Author + information
- Received December 28, 2007
- Revision received March 2, 2008
- Accepted April 2, 2008
- Published online July 8, 2008.
- Jacqueline Suk Danik, MD, MPH⁎,†,‡,⁎ (, )
- Nader Rifai, PhD∥,
- Julie E. Buring, ScD†,‡ and
- Paul M. Ridker, MD, MPH⁎,†,‡,§
- ↵⁎Reprint requests and correspondence:
Dr. Jacqueline Suk Danik, Center for Cardiovascular Disease Prevention, Brigham and Women's Hospital, 900 Commonwealth Avenue, Boston, Massachusetts 02215.
Objectives This study assesses whether the relationship of lipoprotein(a) [Lp(a)] with cardiovascular risk may be modified by concurrent hormone replacement therapy (HT).
Background Prior studies indicate that HT decreases plasma levels of Lp(a), but few have been powered to assess whether it modifies the relationship of Lp(a) with cardiovascular disease (CVD).
Methods Lipoprotein(a) at baseline was measured among 27,736 initially healthy women, of whom 12,075 indicated active HT use at the time of blood draw at study initiation and 15,661 did not. The risk of first-ever major cardiovascular event (nonfatal myocardial infarction, nonfatal cerebrovascular event, coronary revascularization, or cardiovascular death) over a 10-year period was assessed with Cox proportional hazard models according to Lp(a) levels and HT status and adjusted for potential confounding variables.

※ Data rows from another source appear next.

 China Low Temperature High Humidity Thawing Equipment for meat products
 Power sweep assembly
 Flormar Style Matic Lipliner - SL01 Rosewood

Results As anticipated, Lp(a) values were lower among women taking HT (median 9.4 mg/dl vs. 11.6 mg/dl, p < 0.0001). In women not taking HT, the hazard ratio of future CVD for the highest Lp(a) quintile compared with the lowest was 1.8 (p trend <0.0001), after adjusting for age, smoking, blood pressure, diabetes, body mass index, total cholesterol, high-density lipoprotein, C-reactive protein, and treatment arms of aspirin and vitamin E. In contrast, among women taking HT, there was little evidence of association with CVD (hazard ratio: 1.1, p trend = 0.18; interaction p value = 0.0009 between Lp(a) quintiles and HT on incident CVD).
Conclusions The relationship of high Lp(a) levels with increased CVD is modified by HT. These data suggest that the predictive utility of Lp(a) is markedly attenuated among women taking HT and may inform clinicians' interpretation of Lp(a) values in such patients. (Women's Health Study [WHS]; NCT00000479)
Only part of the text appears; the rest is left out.